Families must balance their budget every year, proponents of a constitutional balanced budget amendment often argue, so why shouldn’t the federal government? This argument has several serious flaws, the most basic being that families often do not balance their budgets, for good reason.
A family that takes out a student loan to send a child to college, for example, might end up with a large “deficit” for that year — that is, it will spend more than it earns that year. But a college education is a solid long-term investment that is likely to translate into significantly higher earnings over the child’s working career.
Similarly, a family that obtains a mortgage will almost certainly have a “deficit” for that year, but it will also have a house to live in.
Families also build up savings in good economic times and draw them down when times are tight to cover expenses that exceed their current incomes.

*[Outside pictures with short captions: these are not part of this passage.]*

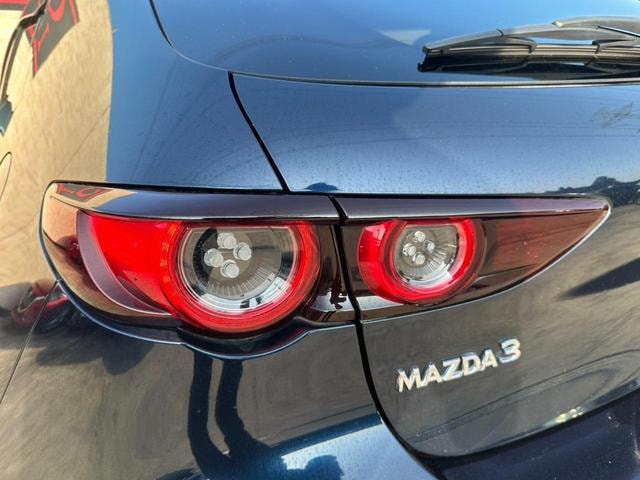Миниатюра 31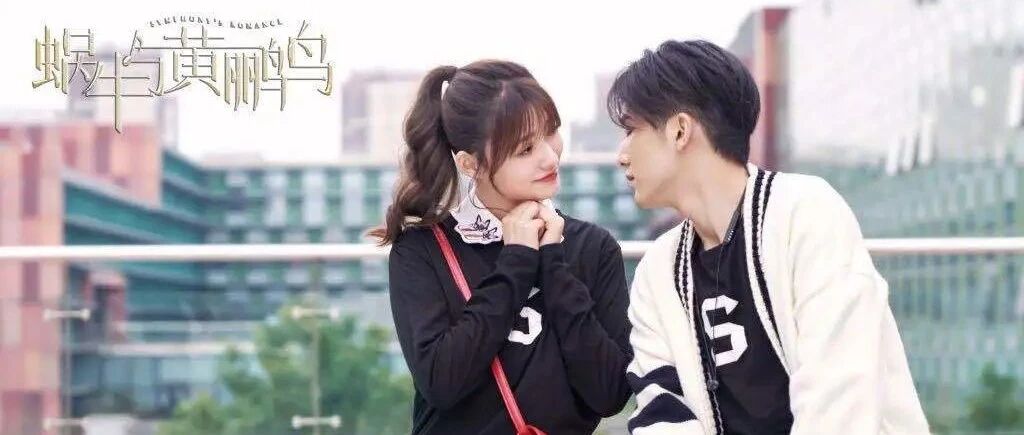 热播｜《蜗牛与黄鹂鸟》：站在青春剧赛道上却深耕专业领域的先行者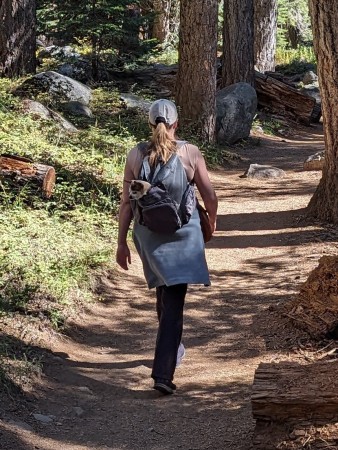 Hiking in Sequoia, October 2024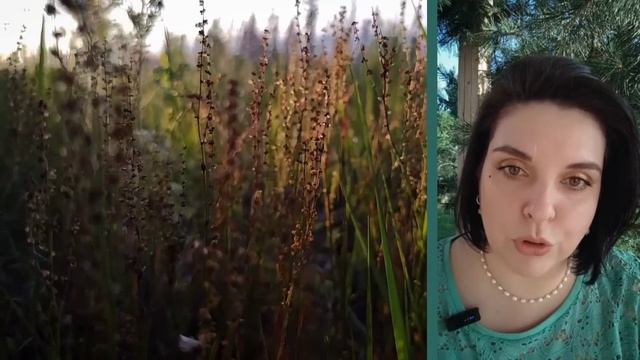 №42 Хлопок и кашемир, крио-маска, образец и узор, украшения с топазами смотреть онлайн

The proposed constitutional amendment would bar the federal government from such practices. The federal government couldn’t borrow to finance investments that boost future economic growth, such as infrastructure improvements. And if it ran a surplus one year, it couldn’t draw it down the next year to help balance the budget if the economy turned down.
In fact, even if a family financed a new house or a college education entirely out of savings – with no loans and no mortgage – that would still be prohibited “deficit financing” under the terms of the balanced budget amendment, because it is still a case of spending more in that year than the family earned in that year.
In short, a balanced budget amendment wouldn’t align federal budgeting practices with those of families. It also would threaten serious economic harm, especially in recessions — and would harm family budgets by causing many Americans to lose their jobs, as Macroeconomic Advisers has explained. It also would create a host of problems for Social Security, and other basic federal functions, as we’ve explained.